▶ Description of the task
Here is a block of records. Copy every line in it that includes "Black".

▶ Data records
┄┄┄┄┄┄┄┄┄┄┄┄┄┄┄┄┄┄┄┄

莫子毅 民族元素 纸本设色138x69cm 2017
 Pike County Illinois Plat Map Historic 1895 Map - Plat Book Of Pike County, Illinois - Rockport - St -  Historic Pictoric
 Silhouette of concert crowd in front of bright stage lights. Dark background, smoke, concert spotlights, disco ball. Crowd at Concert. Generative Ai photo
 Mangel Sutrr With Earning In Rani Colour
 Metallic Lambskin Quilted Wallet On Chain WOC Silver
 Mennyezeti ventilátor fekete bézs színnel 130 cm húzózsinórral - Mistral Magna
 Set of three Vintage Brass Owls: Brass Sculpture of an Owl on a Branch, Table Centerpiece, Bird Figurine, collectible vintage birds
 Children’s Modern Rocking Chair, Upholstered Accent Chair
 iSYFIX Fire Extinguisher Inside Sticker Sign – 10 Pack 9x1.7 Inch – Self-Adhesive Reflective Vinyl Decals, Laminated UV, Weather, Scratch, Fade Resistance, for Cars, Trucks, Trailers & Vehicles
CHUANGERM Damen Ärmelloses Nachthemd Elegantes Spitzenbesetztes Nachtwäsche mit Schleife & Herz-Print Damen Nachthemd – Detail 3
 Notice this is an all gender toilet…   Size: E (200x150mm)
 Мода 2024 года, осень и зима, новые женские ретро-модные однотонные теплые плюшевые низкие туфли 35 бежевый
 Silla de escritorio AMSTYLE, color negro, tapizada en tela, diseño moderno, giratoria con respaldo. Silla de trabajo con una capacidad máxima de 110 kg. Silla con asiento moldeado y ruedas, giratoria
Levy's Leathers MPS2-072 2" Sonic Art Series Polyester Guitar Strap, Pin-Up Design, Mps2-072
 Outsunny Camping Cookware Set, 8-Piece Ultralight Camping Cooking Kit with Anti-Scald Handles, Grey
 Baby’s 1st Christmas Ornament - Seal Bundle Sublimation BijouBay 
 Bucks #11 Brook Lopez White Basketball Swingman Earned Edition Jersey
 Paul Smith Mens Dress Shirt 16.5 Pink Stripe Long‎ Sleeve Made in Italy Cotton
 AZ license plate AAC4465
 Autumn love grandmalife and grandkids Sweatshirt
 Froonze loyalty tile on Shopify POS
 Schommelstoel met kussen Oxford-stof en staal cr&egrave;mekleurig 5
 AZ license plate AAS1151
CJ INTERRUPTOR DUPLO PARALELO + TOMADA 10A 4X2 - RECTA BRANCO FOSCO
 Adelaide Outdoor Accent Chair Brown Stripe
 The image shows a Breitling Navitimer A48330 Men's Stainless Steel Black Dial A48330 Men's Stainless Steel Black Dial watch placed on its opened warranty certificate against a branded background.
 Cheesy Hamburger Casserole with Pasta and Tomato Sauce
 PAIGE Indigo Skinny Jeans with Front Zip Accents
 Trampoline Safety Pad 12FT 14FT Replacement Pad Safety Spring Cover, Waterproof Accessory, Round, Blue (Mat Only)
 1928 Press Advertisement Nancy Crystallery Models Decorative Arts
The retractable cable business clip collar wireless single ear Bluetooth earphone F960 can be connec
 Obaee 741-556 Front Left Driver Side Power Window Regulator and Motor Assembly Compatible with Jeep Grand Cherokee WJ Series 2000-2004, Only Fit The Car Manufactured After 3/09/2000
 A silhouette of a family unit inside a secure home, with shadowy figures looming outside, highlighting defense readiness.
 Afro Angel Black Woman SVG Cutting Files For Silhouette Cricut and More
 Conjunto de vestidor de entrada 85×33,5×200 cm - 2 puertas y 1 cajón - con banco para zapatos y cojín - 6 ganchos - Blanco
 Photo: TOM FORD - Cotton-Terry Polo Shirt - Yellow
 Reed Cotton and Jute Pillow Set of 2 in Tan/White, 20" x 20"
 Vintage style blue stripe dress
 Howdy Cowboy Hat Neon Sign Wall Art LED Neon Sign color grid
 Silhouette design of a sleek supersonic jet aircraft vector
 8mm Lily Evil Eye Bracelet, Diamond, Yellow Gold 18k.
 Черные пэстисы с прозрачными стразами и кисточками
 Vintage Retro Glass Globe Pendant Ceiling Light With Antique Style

┄┄┄┄┄┄┄┄┄┄┄┄┄┄┄┄┄┄┄┄

▶ Answer section
 The image shows a Breitling Navitimer A48330 Men's Stainless Steel Black Dial A48330 Men's Stainless Steel Black Dial watch placed on its opened warranty certificate against a branded background.
 Afro Angel Black Woman SVG Cutting Files For Silhouette Cricut and More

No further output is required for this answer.